The life story of one of the greatest opera singers of Andrea Bocelli is brought on to the drama The Music of Silence.

It’s based on the book, which is the extraordinary true story of Andrea Bocelli, a blind boy, who against all odds becomes one of the most world renowned opera singer. To date he has sold over 80 million records worldwide.

Here’s the synopsis:

Everyone knows his voice, his songs, his interpretations of famous opera arias, his international popularity. However, much less is known of the private life of Andrea Bocelli and of the path leading him to Lajatico, a village in the Tuscan countryside, and to the laurels of his present career. Amos Bardi (the singer’s alter ego) was born with the gift of a voice which, from childhood, promises to be of superb quality, but at the same time, with a serious problem regarding his eyes, making him nearly blind. He can see no more than contrasts of light. His illness forces him through the ordeal of multiple surgeries. Soon he is separated from his family to enter an institute for the visually impaired to learn Braille. But it is there that he has a terrible accident, a blow to his face causes him total blindness. Darkness falls. Despite everything, Amos does not give up.
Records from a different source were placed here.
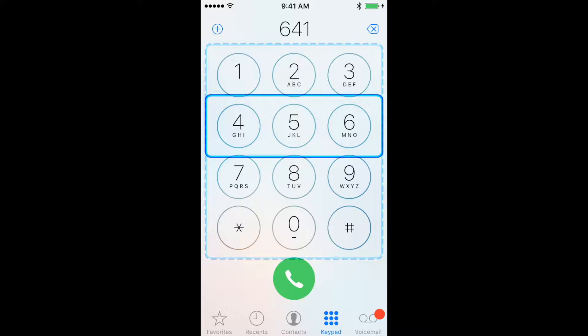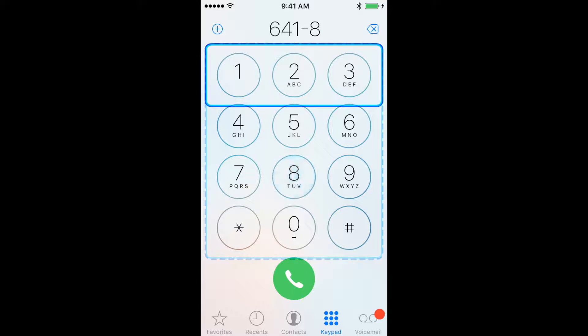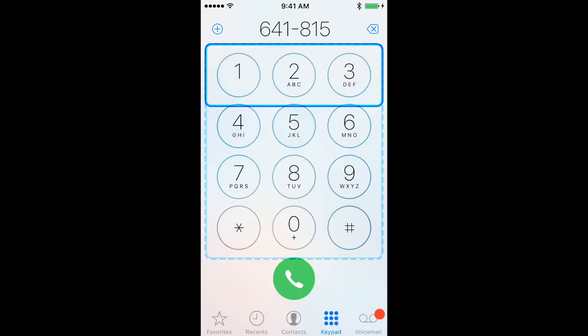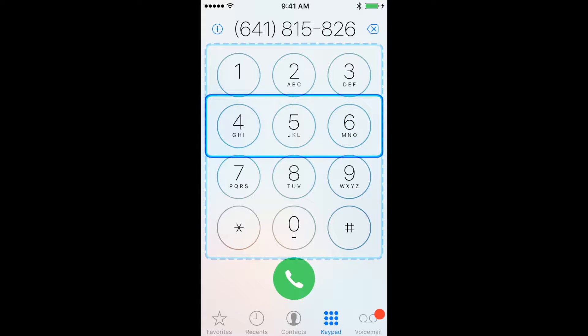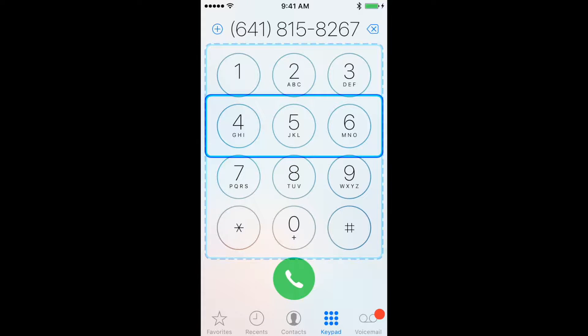Repeat this for each number. When you have entered the full phone number, wait until the keypad is highlighted with a dashed line to step out of the number keys.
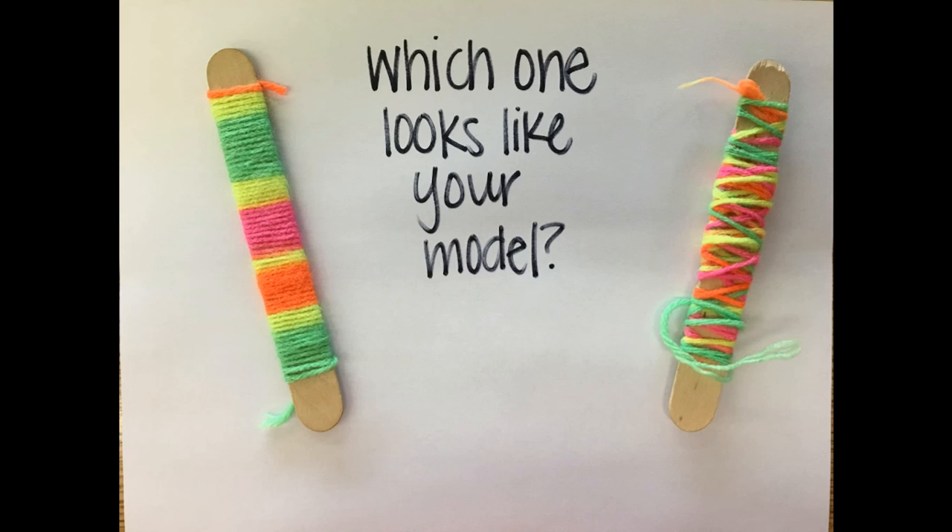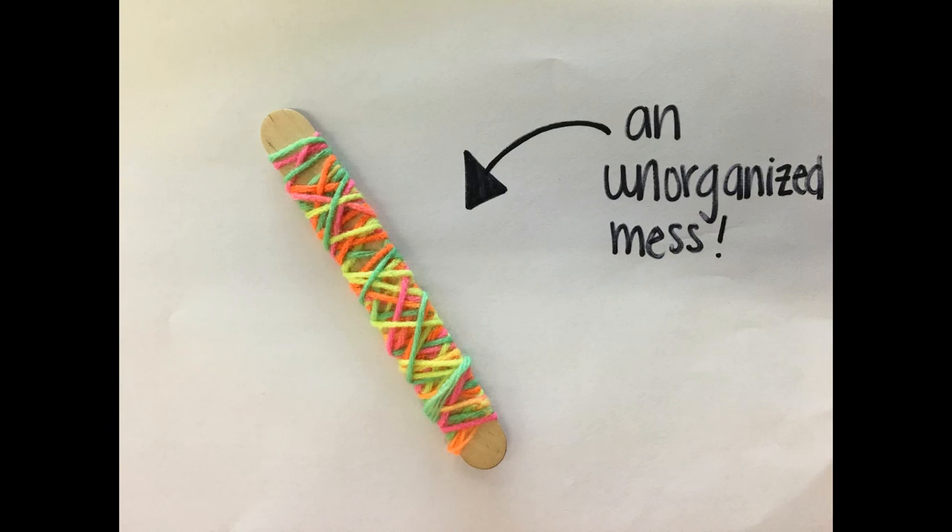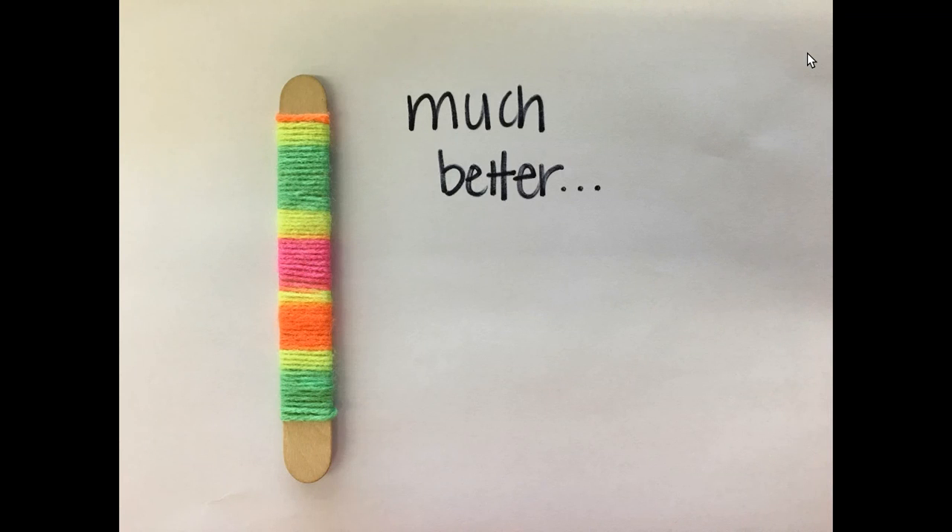By now, you've finished part one of the chromosome model activity. So which one does yours look like? This? Or this?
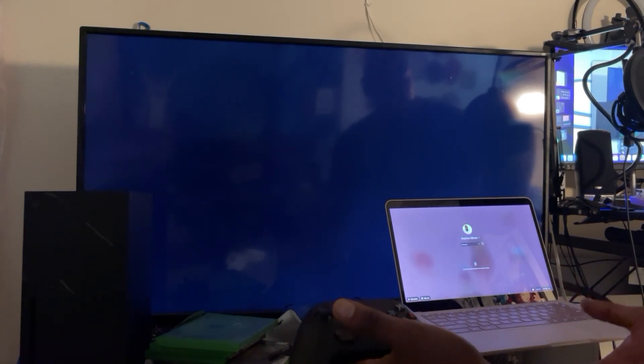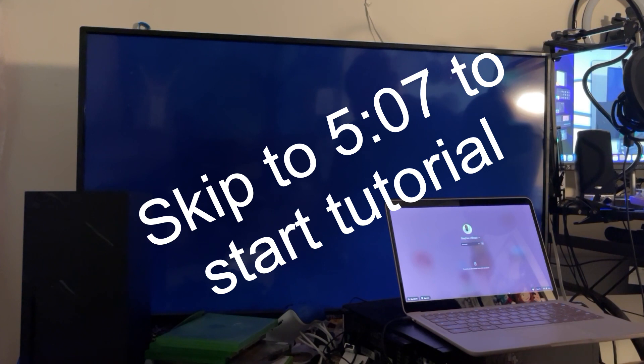Excuse the mess, but this video is being made by a special request. A while ago this channel was also geared toward Google Stadia. Google Stadia ended early this year and so I kind of shifted directions. Before then I made sure about using a Stadia controller with my Xbox, since that is the gaming platform that I migrated to as Stadia was being shut down.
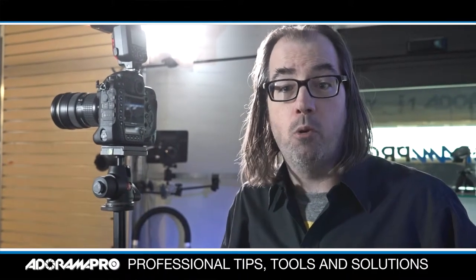Hey, this is Daniel from AdoramaPro. Today on set we're talking about small flash for portrait photography.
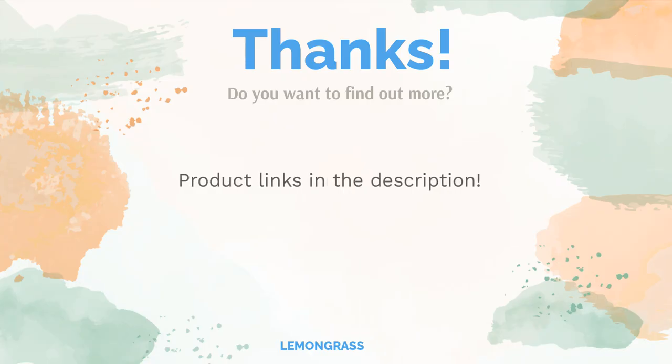Do you think this list makes sense? Leave a comment for us. You can find the product links in the description of the video. Remember to like and subscribe to the channel to keep up with the latest reviews.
Driven by great ambition and interests (a passion for singing, a love of horses, motorbikes, bicycles, a degree in law), his life will be one challenge after another until he manages to achieve his first great success on stage with Miserere. From here begins a life studded with victories but in which the silent pursuit of a daily mission continues, moment after moment, the mission of one who, to be like others, must work harder than others, in every gesture, at every step.

The Music of Silence is directed by Academy Award nominee Michael Radford (Il Postino, Merchant of Venice), and stars Toby Sebastian (Game of Thrones), Luisa Ranieri (Letters to Juliet), Jordi Molla (Bad Boys II), Ennio Fantastichini (Loose Cannons), and Antonio Banderas (The Expendables 3). The screenplay was co-written by Anna Pavignano (Elsa & Fred) and Michael Radford in collaboration with Andrea Bocelli.

LRM had a phone interview last month with Toby Sebastian, who played the lead character of Amos Bardi in the film for The Music of Silence. We talked about playing the blind Andrea Bocelli, the preparations for the role and other challenges on the project. He also mentioned his upcoming role in Trading Paint and his experiences on the set of Game of Thrones.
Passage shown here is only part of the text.